Look through the records below for the line with "راهنمای نصب و". Return that line and each one after it up to and including the line with "image of Heka", exactly.

(Beginning of Provided records)

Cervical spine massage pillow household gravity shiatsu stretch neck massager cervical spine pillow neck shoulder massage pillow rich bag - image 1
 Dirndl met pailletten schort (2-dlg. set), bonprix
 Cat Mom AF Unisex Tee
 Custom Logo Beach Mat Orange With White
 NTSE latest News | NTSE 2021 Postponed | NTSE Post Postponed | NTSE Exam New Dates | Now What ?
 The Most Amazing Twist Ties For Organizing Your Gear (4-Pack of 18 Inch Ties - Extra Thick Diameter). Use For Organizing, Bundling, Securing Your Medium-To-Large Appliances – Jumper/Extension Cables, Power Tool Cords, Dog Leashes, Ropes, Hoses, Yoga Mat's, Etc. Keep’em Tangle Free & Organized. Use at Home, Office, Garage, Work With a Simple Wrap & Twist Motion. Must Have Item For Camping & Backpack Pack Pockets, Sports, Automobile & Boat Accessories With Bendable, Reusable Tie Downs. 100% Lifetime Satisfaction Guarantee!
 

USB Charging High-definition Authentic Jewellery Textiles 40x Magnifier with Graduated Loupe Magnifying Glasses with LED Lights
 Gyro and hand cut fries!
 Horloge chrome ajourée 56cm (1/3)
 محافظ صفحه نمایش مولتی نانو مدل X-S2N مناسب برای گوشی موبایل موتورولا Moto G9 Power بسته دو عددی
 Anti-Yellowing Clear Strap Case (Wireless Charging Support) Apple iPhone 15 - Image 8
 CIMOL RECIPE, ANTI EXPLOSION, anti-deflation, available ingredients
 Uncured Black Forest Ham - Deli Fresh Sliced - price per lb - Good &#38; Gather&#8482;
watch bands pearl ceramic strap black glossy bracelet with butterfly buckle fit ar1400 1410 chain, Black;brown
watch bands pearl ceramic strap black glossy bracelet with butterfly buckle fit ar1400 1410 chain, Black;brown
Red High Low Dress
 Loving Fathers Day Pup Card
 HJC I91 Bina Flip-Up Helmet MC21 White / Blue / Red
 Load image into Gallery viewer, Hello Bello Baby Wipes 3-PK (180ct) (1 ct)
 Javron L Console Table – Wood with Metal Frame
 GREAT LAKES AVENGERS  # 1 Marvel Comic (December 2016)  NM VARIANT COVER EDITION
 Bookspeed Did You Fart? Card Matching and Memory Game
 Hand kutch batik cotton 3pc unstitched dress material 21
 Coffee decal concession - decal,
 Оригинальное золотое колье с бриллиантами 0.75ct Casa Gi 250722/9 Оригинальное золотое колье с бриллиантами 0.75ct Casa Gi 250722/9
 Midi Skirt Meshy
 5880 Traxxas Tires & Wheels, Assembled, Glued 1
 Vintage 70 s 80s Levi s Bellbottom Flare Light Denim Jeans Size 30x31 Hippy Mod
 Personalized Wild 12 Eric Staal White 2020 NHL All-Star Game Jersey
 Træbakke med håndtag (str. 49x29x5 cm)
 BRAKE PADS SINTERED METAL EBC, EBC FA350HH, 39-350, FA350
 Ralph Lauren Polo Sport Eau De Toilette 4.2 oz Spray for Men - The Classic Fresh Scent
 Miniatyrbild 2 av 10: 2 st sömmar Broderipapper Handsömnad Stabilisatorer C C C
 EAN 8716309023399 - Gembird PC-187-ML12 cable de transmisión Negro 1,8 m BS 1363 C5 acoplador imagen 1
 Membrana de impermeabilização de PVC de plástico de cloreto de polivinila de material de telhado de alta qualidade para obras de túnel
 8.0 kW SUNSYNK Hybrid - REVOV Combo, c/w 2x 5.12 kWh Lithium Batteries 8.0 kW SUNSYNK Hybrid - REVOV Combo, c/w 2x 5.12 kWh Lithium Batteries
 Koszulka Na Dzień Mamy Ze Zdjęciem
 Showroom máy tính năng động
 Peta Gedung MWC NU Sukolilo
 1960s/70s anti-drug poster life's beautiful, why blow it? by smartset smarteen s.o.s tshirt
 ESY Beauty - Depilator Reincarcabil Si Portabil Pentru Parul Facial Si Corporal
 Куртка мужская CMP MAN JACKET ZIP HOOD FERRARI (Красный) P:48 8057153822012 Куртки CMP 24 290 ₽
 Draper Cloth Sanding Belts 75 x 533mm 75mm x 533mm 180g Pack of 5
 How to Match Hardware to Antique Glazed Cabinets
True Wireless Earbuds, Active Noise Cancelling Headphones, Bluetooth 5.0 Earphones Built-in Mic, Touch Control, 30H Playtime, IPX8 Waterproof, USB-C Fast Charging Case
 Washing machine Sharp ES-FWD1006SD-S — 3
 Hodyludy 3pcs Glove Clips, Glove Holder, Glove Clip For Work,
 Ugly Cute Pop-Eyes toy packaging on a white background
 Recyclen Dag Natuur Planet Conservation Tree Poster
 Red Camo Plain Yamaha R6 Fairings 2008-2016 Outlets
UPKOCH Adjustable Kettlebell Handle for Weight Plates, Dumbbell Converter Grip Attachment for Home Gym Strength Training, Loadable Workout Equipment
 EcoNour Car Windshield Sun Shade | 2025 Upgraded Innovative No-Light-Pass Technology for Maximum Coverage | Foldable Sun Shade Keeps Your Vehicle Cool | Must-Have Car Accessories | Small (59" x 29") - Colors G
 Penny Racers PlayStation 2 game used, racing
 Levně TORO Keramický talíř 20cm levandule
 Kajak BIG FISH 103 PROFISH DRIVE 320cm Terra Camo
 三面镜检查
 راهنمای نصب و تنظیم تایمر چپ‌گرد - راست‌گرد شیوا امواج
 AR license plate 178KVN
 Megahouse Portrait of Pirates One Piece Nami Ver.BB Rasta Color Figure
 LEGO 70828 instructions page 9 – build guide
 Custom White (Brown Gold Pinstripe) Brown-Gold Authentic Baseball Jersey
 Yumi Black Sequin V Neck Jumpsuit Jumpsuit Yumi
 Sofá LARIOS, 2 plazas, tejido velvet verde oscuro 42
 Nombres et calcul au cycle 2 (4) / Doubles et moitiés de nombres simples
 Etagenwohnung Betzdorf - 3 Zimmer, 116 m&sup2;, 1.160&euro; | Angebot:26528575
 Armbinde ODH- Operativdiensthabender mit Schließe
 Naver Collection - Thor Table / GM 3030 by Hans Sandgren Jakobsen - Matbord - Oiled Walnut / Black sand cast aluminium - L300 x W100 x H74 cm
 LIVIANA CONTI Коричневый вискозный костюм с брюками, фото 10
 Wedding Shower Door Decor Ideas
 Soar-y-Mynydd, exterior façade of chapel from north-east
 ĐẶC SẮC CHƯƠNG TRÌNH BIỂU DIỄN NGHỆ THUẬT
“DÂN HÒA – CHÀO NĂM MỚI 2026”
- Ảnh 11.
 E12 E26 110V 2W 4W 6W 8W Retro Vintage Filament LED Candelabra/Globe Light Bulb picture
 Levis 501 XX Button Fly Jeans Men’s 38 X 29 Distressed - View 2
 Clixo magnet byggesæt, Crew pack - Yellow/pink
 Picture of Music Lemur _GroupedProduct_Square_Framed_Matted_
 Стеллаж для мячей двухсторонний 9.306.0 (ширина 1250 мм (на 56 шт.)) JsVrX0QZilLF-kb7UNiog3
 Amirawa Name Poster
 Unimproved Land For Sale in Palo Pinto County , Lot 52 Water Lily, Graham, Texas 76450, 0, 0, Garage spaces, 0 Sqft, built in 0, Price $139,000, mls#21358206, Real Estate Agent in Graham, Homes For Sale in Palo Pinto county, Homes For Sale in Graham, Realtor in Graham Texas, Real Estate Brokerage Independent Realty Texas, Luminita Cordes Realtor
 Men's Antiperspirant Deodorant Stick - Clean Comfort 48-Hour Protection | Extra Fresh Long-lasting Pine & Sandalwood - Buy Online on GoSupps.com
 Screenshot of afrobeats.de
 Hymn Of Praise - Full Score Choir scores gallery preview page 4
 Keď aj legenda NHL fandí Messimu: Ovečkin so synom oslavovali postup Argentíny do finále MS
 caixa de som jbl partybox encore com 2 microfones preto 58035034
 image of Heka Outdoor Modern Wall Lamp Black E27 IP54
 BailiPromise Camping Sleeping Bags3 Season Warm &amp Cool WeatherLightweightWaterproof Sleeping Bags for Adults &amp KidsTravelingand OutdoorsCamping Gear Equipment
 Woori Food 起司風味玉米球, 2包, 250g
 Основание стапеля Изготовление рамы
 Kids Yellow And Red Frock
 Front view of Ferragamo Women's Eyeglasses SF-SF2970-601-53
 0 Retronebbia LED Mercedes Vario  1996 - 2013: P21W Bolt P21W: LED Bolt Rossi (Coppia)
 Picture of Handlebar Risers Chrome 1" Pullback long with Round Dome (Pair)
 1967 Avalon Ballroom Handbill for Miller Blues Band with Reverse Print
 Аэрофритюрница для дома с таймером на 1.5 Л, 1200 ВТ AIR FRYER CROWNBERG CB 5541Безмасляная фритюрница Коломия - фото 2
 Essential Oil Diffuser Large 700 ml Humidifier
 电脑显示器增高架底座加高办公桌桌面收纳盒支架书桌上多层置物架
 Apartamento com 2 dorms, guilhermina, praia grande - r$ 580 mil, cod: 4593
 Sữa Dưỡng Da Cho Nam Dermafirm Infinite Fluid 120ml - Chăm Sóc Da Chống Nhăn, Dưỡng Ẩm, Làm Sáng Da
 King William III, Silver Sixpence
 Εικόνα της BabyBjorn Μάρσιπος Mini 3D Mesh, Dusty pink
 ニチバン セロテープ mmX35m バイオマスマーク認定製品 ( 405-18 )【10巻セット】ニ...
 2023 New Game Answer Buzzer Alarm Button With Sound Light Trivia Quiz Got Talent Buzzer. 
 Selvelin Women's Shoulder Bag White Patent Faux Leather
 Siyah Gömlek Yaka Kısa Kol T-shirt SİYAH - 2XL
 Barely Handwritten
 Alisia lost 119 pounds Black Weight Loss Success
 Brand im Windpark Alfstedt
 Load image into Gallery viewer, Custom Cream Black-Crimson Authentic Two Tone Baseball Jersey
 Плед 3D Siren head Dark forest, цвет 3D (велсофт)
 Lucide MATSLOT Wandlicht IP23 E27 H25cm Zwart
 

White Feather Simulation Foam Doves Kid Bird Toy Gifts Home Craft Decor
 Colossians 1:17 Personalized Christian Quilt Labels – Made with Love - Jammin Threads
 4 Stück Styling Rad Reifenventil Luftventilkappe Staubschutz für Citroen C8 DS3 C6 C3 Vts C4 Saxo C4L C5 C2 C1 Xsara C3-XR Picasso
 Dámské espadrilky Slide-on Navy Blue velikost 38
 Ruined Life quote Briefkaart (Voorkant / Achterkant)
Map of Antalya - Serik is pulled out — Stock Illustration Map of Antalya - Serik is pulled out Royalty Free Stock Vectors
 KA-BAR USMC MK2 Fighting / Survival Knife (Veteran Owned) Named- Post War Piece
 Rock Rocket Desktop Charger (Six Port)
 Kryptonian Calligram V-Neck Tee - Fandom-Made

(End of Provided records)

- Exercise answer:
 راهنمای نصب و تنظیم تایمر چپ‌گرد - راست‌گرد شیوا امواج
 AR license plate 178KVN
 Megahouse Portrait of Pirates One Piece Nami Ver.BB Rasta Color Figure
 LEGO 70828 instructions page 9 – build guide
 Custom White (Brown Gold Pinstripe) Brown-Gold Authentic Baseball Jersey
 Yumi Black Sequin V Neck Jumpsuit Jumpsuit Yumi
 Sofá LARIOS, 2 plazas, tejido velvet verde oscuro 42
 Nombres et calcul au cycle 2 (4) / Doubles et moitiés de nombres simples
 Etagenwohnung Betzdorf - 3 Zimmer, 116 m&sup2;, 1.160&euro; | Angebot:26528575
 Armbinde ODH- Operativdiensthabender mit Schließe
 Naver Collection - Thor Table / GM 3030 by Hans Sandgren Jakobsen - Matbord - Oiled Walnut / Black sand cast aluminium - L300 x W100 x H74 cm
 LIVIANA CONTI Коричневый вискозный костюм с брюками, фото 10
 Wedding Shower Door Decor Ideas
 Soar-y-Mynydd, exterior façade of chapel from north-east
 ĐẶC SẮC CHƯƠNG TRÌNH BIỂU DIỄN NGHỆ THUẬT
“DÂN HÒA – CHÀO NĂM MỚI 2026”
- Ảnh 11.
 E12 E26 110V 2W 4W 6W 8W Retro Vintage Filament LED Candelabra/Globe Light Bulb picture
 Levis 501 XX Button Fly Jeans Men’s 38 X 29 Distressed - View 2
 Clixo magnet byggesæt, Crew pack - Yellow/pink
 Picture of Music Lemur _GroupedProduct_Square_Framed_Matted_
 Стеллаж для мячей двухсторонний 9.306.0 (ширина 1250 мм (на 56 шт.)) JsVrX0QZilLF-kb7UNiog3
 Amirawa Name Poster
 Unimproved Land For Sale in Palo Pinto County , Lot 52 Water Lily, Graham, Texas 76450, 0, 0, Garage spaces, 0 Sqft, built in 0, Price $139,000, mls#21358206, Real Estate Agent in Graham, Homes For Sale in Palo Pinto county, Homes For Sale in Graham, Realtor in Graham Texas, Real Estate Brokerage Independent Realty Texas, Luminita Cordes Realtor
 Men's Antiperspirant Deodorant Stick - Clean Comfort 48-Hour Protection | Extra Fresh Long-lasting Pine & Sandalwood - Buy Online on GoSupps.com
 Screenshot of afrobeats.de
 Hymn Of Praise - Full Score Choir scores gallery preview page 4
 Keď aj legenda NHL fandí Messimu: Ovečkin so synom oslavovali postup Argentíny do finále MS
 caixa de som jbl partybox encore com 2 microfones preto 58035034
 image of Heka Outdoor Modern Wall Lamp Black E27 IP54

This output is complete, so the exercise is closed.